In the middle of that wonder, I find myself standing, suddenly, naked before God, for one blinding second. Just me. Not my job, or my thoughts, or my fears, or who I think I am. But me. And then it's gone, and I'm aware of aware again of all the stuff in my head that I think makes me, me, but I remember that one naked second. And the fireflies, flickering, disappearing, and reappearing someplace else I can't predict.

Thursday, May 31, 2012

Work is work

I'm out walking the labyrinth on the church parking lot. On one of my circuits I notice a man pulling some kind of cart. It's piled high with fat, stuffed, black trash bags. He's walking through the park across the street. I'm wondering if this is a cart with all his earthly possessions. That's an awful lot of stuff to haul around the city all day, every day. I resume my labyrinth walk.

Eventually, the circuits of the labyrinth take me back to where I can see the man in the park again. He's sorting through things in the bag. It's not recycling pick-up day, when the gleaners come out early in the morning and pick out all the recyclables for which they can get money in return.

Another circuit. Yes, it is an enormous pile of recyclables. He's sorting them - plastic from glass, the only recyclables worth picking. He had to have been up and out working very early to accumulate that pile of plastic and glass bottles.

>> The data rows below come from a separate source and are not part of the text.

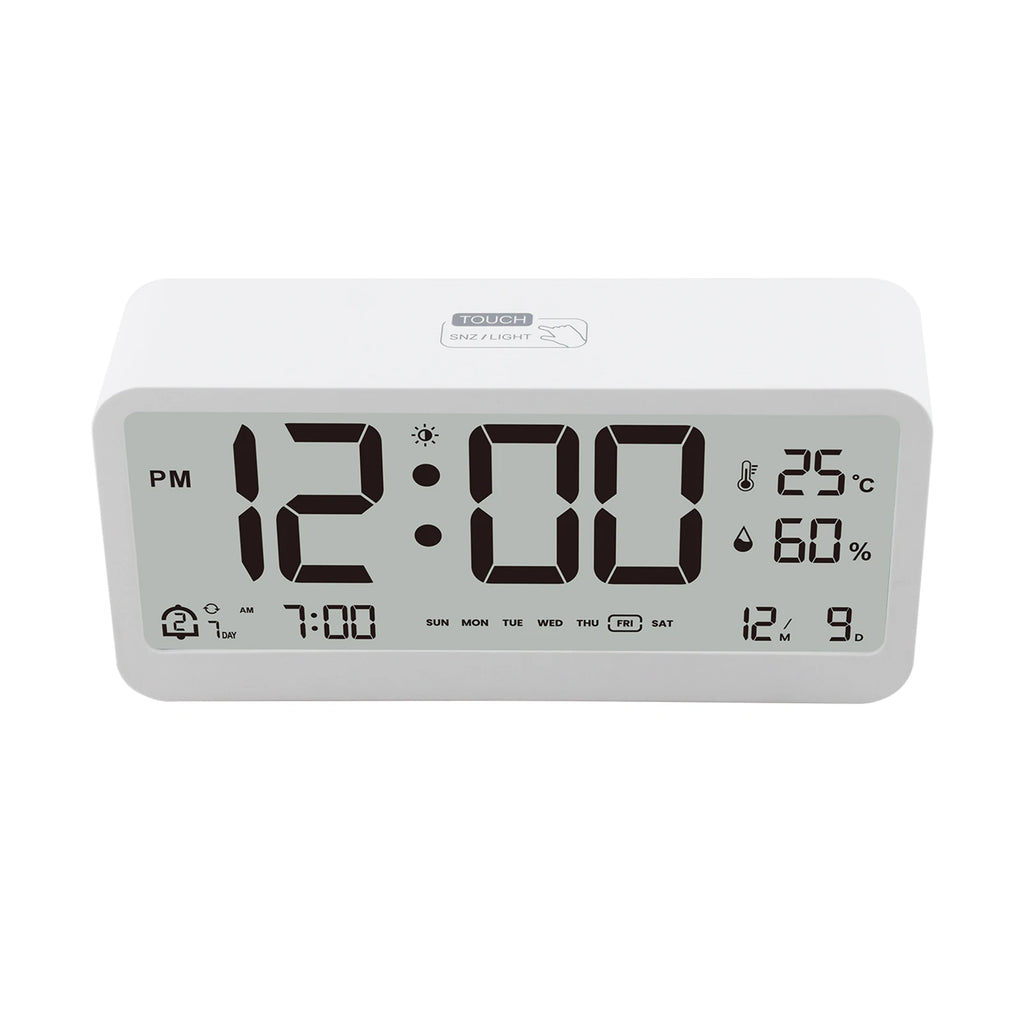 8001-EN Multifunctional Digital Clock LED Brightness Adjustable Temperature Humidity Displaying Alarm Clock with Dual  Modes
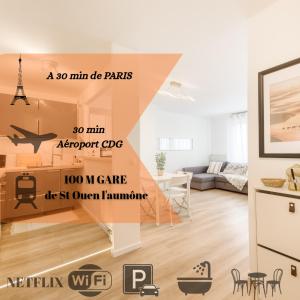 Fotografie z fotogalerie ubytování T3 Terrasse parking Gare - Paris 30 min v destinaci Saint-Ouen-lʼAumône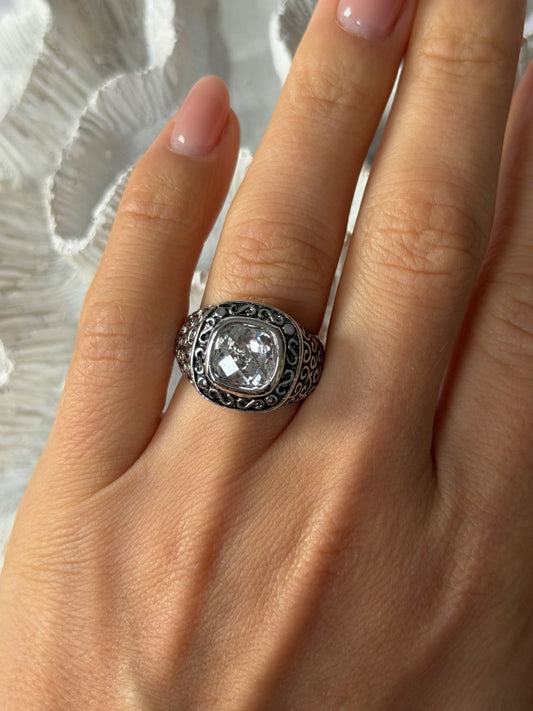 925 Sterling Silver White Spinel Ring Size 7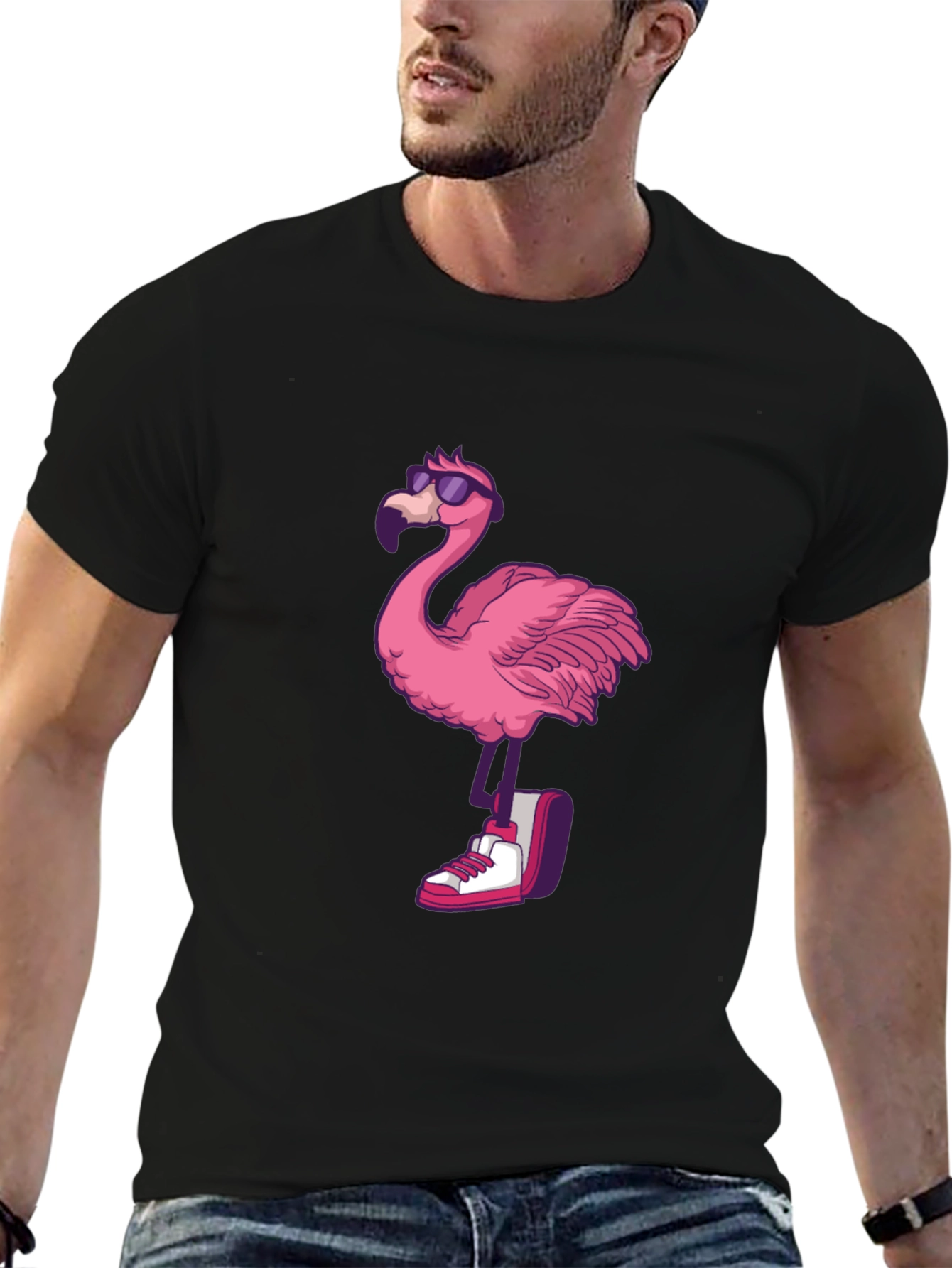 Cool Flamingo Graphic Tee - Black T-Shirt
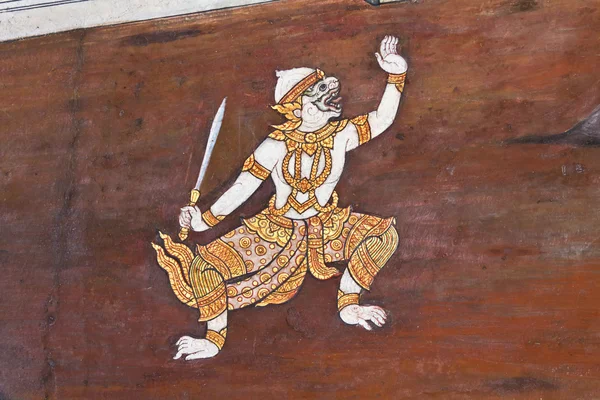 Sztuka tajski obraz na ścianie w świątyni wat phra kaeo — Zdjęcie stockowe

On another circuit I can see him, bent over the pile, like photos I've seen of people in the fields picking cotton. He looks just like that, bent over, sorting, picking, separating. I've gardened in that bent over position. It's really hard on the back and knees.

Work is work. He's been up early to go to work, picking, collecting, and now sorting. For how much, I wonder? I think I'll have to take some things to the recycling center at Stop and Shop where you can bring your sorted plastic and glass bottles and get money back. You're only allowed one bag of recycling per trip. That's the closest center I know, and it's quite a walk from the park across from the church. I want to know, roughly, how much he gets per bag, for all the walking he has to do around the city to gather that much recycling, sort it out, and then walk with his precious treasure up to Stop and Shop to cash it in.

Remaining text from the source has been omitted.